▶ **Directions for this task**:
For this exercise, transcribe all the records below exactly.

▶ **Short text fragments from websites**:
------
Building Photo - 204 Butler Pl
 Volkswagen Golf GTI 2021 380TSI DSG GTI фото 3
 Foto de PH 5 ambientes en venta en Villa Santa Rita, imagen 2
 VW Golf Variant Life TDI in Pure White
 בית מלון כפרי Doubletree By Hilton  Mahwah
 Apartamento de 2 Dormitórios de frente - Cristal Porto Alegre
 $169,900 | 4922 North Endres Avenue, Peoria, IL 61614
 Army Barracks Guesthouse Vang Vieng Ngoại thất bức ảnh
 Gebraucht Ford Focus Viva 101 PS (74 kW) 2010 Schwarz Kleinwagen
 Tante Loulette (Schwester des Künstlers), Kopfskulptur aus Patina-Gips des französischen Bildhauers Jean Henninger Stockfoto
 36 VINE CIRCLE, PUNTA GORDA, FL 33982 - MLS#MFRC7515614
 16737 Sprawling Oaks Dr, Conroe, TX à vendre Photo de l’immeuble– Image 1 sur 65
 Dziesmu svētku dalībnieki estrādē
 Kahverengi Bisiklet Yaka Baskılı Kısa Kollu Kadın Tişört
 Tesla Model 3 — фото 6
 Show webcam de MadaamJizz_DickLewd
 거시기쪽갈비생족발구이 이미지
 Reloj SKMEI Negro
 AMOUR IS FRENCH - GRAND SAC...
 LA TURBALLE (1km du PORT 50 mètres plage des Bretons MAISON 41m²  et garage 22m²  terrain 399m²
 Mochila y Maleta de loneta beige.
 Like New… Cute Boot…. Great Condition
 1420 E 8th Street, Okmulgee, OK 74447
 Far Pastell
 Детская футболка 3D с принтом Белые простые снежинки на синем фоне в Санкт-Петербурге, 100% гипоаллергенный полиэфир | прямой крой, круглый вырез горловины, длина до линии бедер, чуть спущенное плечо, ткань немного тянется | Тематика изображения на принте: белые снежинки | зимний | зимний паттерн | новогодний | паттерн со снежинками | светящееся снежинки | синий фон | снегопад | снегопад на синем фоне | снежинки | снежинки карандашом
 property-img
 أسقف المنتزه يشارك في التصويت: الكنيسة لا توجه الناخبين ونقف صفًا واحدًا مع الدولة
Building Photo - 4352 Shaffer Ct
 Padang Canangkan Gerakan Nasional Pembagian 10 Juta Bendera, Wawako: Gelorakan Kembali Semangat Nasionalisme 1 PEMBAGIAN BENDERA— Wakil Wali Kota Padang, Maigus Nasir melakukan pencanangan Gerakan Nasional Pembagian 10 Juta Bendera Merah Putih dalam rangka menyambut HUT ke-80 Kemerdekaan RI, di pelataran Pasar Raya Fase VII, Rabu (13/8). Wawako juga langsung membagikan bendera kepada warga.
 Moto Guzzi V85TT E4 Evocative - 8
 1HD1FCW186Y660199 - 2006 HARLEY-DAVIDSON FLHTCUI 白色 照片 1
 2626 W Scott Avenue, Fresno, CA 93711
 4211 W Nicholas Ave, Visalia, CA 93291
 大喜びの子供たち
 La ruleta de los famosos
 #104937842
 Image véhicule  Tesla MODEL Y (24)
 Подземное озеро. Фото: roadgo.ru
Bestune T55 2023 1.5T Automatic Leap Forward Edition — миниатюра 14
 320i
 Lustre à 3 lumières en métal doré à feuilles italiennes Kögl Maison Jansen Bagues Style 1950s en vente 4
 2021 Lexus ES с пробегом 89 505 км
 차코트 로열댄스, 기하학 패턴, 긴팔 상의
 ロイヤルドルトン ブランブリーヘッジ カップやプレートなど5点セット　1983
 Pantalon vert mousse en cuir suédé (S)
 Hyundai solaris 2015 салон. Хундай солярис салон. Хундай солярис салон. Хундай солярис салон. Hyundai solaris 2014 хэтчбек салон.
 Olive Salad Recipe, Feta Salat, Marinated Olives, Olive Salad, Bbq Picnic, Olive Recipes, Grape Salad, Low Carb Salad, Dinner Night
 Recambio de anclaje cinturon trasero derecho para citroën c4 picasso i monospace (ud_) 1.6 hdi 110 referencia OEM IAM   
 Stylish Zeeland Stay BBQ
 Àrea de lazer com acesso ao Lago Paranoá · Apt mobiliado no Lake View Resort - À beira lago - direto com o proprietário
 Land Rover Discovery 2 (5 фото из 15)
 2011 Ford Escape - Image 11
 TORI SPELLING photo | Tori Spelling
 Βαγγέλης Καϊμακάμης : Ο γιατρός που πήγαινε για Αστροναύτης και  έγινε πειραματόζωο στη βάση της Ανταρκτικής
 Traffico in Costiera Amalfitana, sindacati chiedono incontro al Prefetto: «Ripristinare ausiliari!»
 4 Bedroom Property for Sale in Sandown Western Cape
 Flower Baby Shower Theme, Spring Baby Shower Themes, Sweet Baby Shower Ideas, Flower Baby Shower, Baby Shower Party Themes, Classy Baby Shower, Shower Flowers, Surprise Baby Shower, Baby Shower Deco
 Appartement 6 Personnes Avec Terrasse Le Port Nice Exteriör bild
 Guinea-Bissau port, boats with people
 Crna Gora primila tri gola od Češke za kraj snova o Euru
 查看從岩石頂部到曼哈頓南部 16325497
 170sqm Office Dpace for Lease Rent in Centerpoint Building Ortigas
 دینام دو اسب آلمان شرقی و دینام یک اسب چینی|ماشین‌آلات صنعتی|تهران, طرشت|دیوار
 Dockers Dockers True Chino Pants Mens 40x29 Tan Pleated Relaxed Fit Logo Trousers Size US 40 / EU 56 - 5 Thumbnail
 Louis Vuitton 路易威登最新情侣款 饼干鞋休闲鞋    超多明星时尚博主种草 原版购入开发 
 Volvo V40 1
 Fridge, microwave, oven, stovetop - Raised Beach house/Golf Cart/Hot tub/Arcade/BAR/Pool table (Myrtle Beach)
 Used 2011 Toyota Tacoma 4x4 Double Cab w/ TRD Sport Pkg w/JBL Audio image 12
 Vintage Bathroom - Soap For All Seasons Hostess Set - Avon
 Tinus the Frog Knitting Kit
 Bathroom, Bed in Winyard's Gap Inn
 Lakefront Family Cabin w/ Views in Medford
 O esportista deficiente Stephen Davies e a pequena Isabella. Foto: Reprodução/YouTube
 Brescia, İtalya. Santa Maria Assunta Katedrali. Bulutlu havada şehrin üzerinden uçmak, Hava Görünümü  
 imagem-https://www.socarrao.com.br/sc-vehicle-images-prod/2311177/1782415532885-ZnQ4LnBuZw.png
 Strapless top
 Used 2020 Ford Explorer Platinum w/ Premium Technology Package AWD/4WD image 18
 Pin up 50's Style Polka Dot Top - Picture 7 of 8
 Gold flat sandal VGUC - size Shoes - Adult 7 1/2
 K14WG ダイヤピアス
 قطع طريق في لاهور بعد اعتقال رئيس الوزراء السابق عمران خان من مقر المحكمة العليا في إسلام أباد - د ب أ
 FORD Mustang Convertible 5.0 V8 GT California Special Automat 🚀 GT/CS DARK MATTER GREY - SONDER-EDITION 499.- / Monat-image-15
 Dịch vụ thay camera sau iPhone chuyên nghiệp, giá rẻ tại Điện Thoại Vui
------
▶ **Task solution**:
Building Photo - 204 Butler Pl
 Volkswagen Golf GTI 2021 380TSI DSG GTI фото 3
 Foto de PH 5 ambientes en venta en Villa Santa Rita, imagen 2
 VW Golf Variant Life TDI in Pure White
 בית מלון כפרי Doubletree By Hilton  Mahwah
 Apartamento de 2 Dormitórios de frente - Cristal Porto Alegre
 $169,900 | 4922 North Endres Avenue, Peoria, IL 61614
 Army Barracks Guesthouse Vang Vieng Ngoại thất bức ảnh
 Gebraucht Ford Focus Viva 101 PS (74 kW) 2010 Schwarz Kleinwagen
 Tante Loulette (Schwester des Künstlers), Kopfskulptur aus Patina-Gips des französischen Bildhauers Jean Henninger Stockfoto
 36 VINE CIRCLE, PUNTA GORDA, FL 33982 - MLS#MFRC7515614
 16737 Sprawling Oaks Dr, Conroe, TX à vendre Photo de l’immeuble– Image 1 sur 65
 Dziesmu svētku dalībnieki estrādē
 Kahverengi Bisiklet Yaka Baskılı Kısa Kollu Kadın Tişört
 Tesla Model 3 — фото 6
 Show webcam de MadaamJizz_DickLewd
 거시기쪽갈비생족발구이 이미지
 Reloj SKMEI Negro
 AMOUR IS FRENCH - GRAND SAC...
 LA TURBALLE (1km du PORT 50 mètres plage des Bretons MAISON 41m²  et garage 22m²  terrain 399m²
 Mochila y Maleta de loneta beige.
 Like New… Cute Boot…. Great Condition
 1420 E 8th Street, Okmulgee, OK 74447
 Far Pastell
 Детская футболка 3D с принтом Белые простые снежинки на синем фоне в Санкт-Петербурге, 100% гипоаллергенный полиэфир | прямой крой, круглый вырез горловины, длина до линии бедер, чуть спущенное плечо, ткань немного тянется | Тематика изображения на принте: белые снежинки | зимний | зимний паттерн | новогодний | паттерн со снежинками | светящееся снежинки | синий фон | снегопад | снегопад на синем фоне | снежинки | снежинки карандашом
 property-img
 أسقف المنتزه يشارك في التصويت: الكنيسة لا توجه الناخبين ونقف صفًا واحدًا مع الدولة
Building Photo - 4352 Shaffer Ct
 Padang Canangkan Gerakan Nasional Pembagian 10 Juta Bendera, Wawako: Gelorakan Kembali Semangat Nasionalisme 1 PEMBAGIAN BENDERA— Wakil Wali Kota Padang, Maigus Nasir melakukan pencanangan Gerakan Nasional Pembagian 10 Juta Bendera Merah Putih dalam rangka menyambut HUT ke-80 Kemerdekaan RI, di pelataran Pasar Raya Fase VII, Rabu (13/8). Wawako juga langsung membagikan bendera kepada warga.
 Moto Guzzi V85TT E4 Evocative - 8
 1HD1FCW186Y660199 - 2006 HARLEY-DAVIDSON FLHTCUI 白色 照片 1
 2626 W Scott Avenue, Fresno, CA 93711
 4211 W Nicholas Ave, Visalia, CA 93291
 大喜びの子供たち
 La ruleta de los famosos
 #104937842
 Image véhicule  Tesla MODEL Y (24)
 Подземное озеро. Фото: roadgo.ru
Bestune T55 2023 1.5T Automatic Leap Forward Edition — миниатюра 14
 320i
 Lustre à 3 lumières en métal doré à feuilles italiennes Kögl Maison Jansen Bagues Style 1950s en vente 4
 2021 Lexus ES с пробегом 89 505 км
 차코트 로열댄스, 기하학 패턴, 긴팔 상의
 ロイヤルドルトン ブランブリーヘッジ カップやプレートなど5点セット　1983
 Pantalon vert mousse en cuir suédé (S)
 Hyundai solaris 2015 салон. Хундай солярис салон. Хундай солярис салон. Хундай солярис салон. Hyundai solaris 2014 хэтчбек салон.
 Olive Salad Recipe, Feta Salat, Marinated Olives, Olive Salad, Bbq Picnic, Olive Recipes, Grape Salad, Low Carb Salad, Dinner Night
 Recambio de anclaje cinturon trasero derecho para citroën c4 picasso i monospace (ud_) 1.6 hdi 110 referencia OEM IAM   
 Stylish Zeeland Stay BBQ
 Àrea de lazer com acesso ao Lago Paranoá · Apt mobiliado no Lake View Resort - À beira lago - direto com o proprietário
 Land Rover Discovery 2 (5 фото из 15)
 2011 Ford Escape - Image 11
 TORI SPELLING photo | Tori Spelling
 Βαγγέλης Καϊμακάμης : Ο γιατρός που πήγαινε για Αστροναύτης και  έγινε πειραματόζωο στη βάση της Ανταρκτικής
 Traffico in Costiera Amalfitana, sindacati chiedono incontro al Prefetto: «Ripristinare ausiliari!»
 4 Bedroom Property for Sale in Sandown Western Cape
 Flower Baby Shower Theme, Spring Baby Shower Themes, Sweet Baby Shower Ideas, Flower Baby Shower, Baby Shower Party Themes, Classy Baby Shower, Shower Flowers, Surprise Baby Shower, Baby Shower Deco
 Appartement 6 Personnes Avec Terrasse Le Port Nice Exteriör bild
 Guinea-Bissau port, boats with people
 Crna Gora primila tri gola od Češke za kraj snova o Euru
 查看從岩石頂部到曼哈頓南部 16325497
 170sqm Office Dpace for Lease Rent in Centerpoint Building Ortigas
 دینام دو اسب آلمان شرقی و دینام یک اسب چینی|ماشین‌آلات صنعتی|تهران, طرشت|دیوار
 Dockers Dockers True Chino Pants Mens 40x29 Tan Pleated Relaxed Fit Logo Trousers Size US 40 / EU 56 - 5 Thumbnail
 Louis Vuitton 路易威登最新情侣款 饼干鞋休闲鞋    超多明星时尚博主种草 原版购入开发 
 Volvo V40 1
 Fridge, microwave, oven, stovetop - Raised Beach house/Golf Cart/Hot tub/Arcade/BAR/Pool table (Myrtle Beach)
 Used 2011 Toyota Tacoma 4x4 Double Cab w/ TRD Sport Pkg w/JBL Audio image 12
 Vintage Bathroom - Soap For All Seasons Hostess Set - Avon
 Tinus the Frog Knitting Kit
 Bathroom, Bed in Winyard's Gap Inn
 Lakefront Family Cabin w/ Views in Medford
 O esportista deficiente Stephen Davies e a pequena Isabella. Foto: Reprodução/YouTube
 Brescia, İtalya. Santa Maria Assunta Katedrali. Bulutlu havada şehrin üzerinden uçmak, Hava Görünümü  
 imagem-https://www.socarrao.com.br/sc-vehicle-images-prod/2311177/1782415532885-ZnQ4LnBuZw.png
 Strapless top
 Used 2020 Ford Explorer Platinum w/ Premium Technology Package AWD/4WD image 18
 Pin up 50's Style Polka Dot Top - Picture 7 of 8
 Gold flat sandal VGUC - size Shoes - Adult 7 1/2
 K14WG ダイヤピアス
 قطع طريق في لاهور بعد اعتقال رئيس الوزراء السابق عمران خان من مقر المحكمة العليا في إسلام أباد - د ب أ
 FORD Mustang Convertible 5.0 V8 GT California Special Automat 🚀 GT/CS DARK MATTER GREY - SONDER-EDITION 499.- / Monat-image-15
 Dịch vụ thay camera sau iPhone chuyên nghiệp, giá rẻ tại Điện Thoại Vui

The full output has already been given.